Content starts
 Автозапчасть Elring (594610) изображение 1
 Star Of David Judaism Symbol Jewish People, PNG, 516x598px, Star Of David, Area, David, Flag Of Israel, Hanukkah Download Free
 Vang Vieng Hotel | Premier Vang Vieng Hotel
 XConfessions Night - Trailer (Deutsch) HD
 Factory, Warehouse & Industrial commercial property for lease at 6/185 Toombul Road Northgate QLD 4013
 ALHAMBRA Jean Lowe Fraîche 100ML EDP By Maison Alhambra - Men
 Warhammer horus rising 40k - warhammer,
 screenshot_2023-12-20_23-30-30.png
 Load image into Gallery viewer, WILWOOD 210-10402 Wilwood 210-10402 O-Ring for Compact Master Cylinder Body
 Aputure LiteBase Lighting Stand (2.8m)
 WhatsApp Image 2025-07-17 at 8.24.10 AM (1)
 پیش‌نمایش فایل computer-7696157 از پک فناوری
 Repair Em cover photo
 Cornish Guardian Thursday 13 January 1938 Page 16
Content ends
Task instructions
The only output should be the lines from the one containing "ALHAMBRA Jean Lowe" through the final line of the material above, copied exactly.

Task answer
 ALHAMBRA Jean Lowe Fraîche 100ML EDP By Maison Alhambra - Men
 Warhammer horus rising 40k - warhammer,
 screenshot_2023-12-20_23-30-30.png
 Load image into Gallery viewer, WILWOOD 210-10402 Wilwood 210-10402 O-Ring for Compact Master Cylinder Body
 Aputure LiteBase Lighting Stand (2.8m)
 WhatsApp Image 2025-07-17 at 8.24.10 AM (1)
 پیش‌نمایش فایل computer-7696157 از پک فناوری
 Repair Em cover photo
 Cornish Guardian Thursday 13 January 1938 Page 16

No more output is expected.